Maddon first laid eyes on Baez in Puerto Rico when he visited two winters ago after accepting the Chicago job. He watched Baez make some slick plays in the infield and immediately knew that the Cubs would be a better team with Baez around.
This October, everyone is seeing that. He smashed a key home run against San Francisco and made several highlight-reel plays in the field during the division series. Against the Dodgers in Game 1 of this NL Championship Series, he created a run all by himself with a hustle double, a dash to third on a wild pitch and then a breathtaking steal of home. In Game 2, he alertly let a line drive skip on the ground in front of him, instead of catching it, to start a double play.
"He's just a unique talent," Maddon says, noting that it is only a select few players who possess it in any sport, like Magic Johnson, one of the Dodgers' owners and the former NBA great.
"Some of your greater running backs," he continues. "They just have this vision. They see things. He sees things. And that's why he's so good."
It's also why it will be so difficult for rival clubs to duplicate what the Cubs have right now.

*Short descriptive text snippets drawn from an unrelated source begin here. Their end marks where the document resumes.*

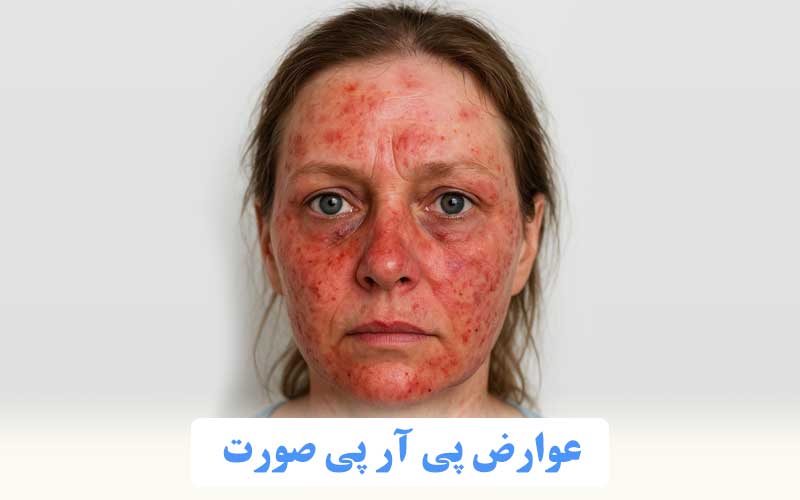 عوارض پی آر پی صورت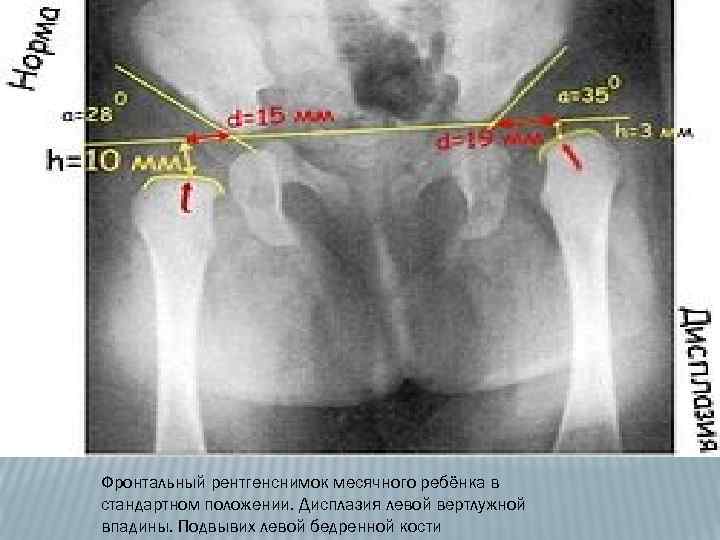 Фронтальный рентгенснимок месячного ребёнка в стандартном положении. Дисплазия левой вертлужной впадины. Подвывих левой бедренной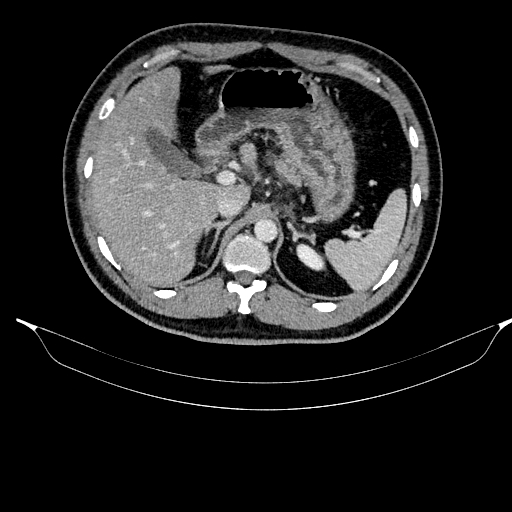 File:Acute pancreatitis (Radiopaedia 87428-103757 Axial C+ portal venous phase 31).jpg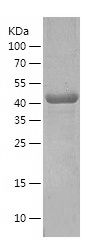    PDIA6 / Recombinant Human PDIA6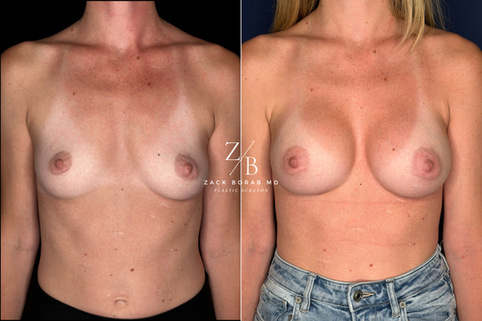 Click here for more before and after photos.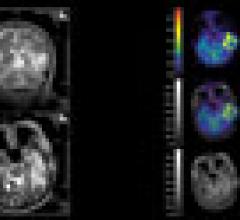 PET/MRI: The Modality of Choice?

It is an exquisitely rare mix of vision, talent, unselfishness and a willingness by all to do things for the good of the team.
"There are so many guys in the league who could do it if they put their mind to it," says Zobrist, one of the pioneers of the trade. "But some guys don't."
Among other things, Zobrist says, versatility not only helps the team, it can improve a player's individual stock. Case in point: himself.
"Teams were looking at me not just as a second baseman or outfielder, but both," says Zobrist, who emerged as one of the more desired players on the market last winter. "So several different teams were talking to me, saying we want you to do this or we want you to do this. They were putting offers on the table for various positions.
"If that opens up your opportunities, that's what's going to enable guys to make more money in free agency, too."
So far, it has worked wonders for Bryant.
"I feel like it kind of keeps me on my toes in terms of moving around," Bryant says. "It keeps you fresh at third base. I feel like this game is so monotonous, it's the same thing over and over every day. So I feel like for me to move around to left field, third base, first base, right field, it kind of makes me wake up a little bit."
"It's a great model," the Padres' Green says. "Joe's proven to be a trendsetter in the game in recent years. He was shifting before anybody else was shifting. You look back 20, 30 years at the way Tony La Russa managed the bullpen; now everybody is using their bullpen that way.
"Now, moving guys around the diamond, if you have the pieces to do that, it's a concept I wouldn't shy away from at all. But until you get that caliber of athlete all over the diamond where you've got a Javy Baez and a Ben Zobrist and a Kris Bryant, the rest of us are just pretending."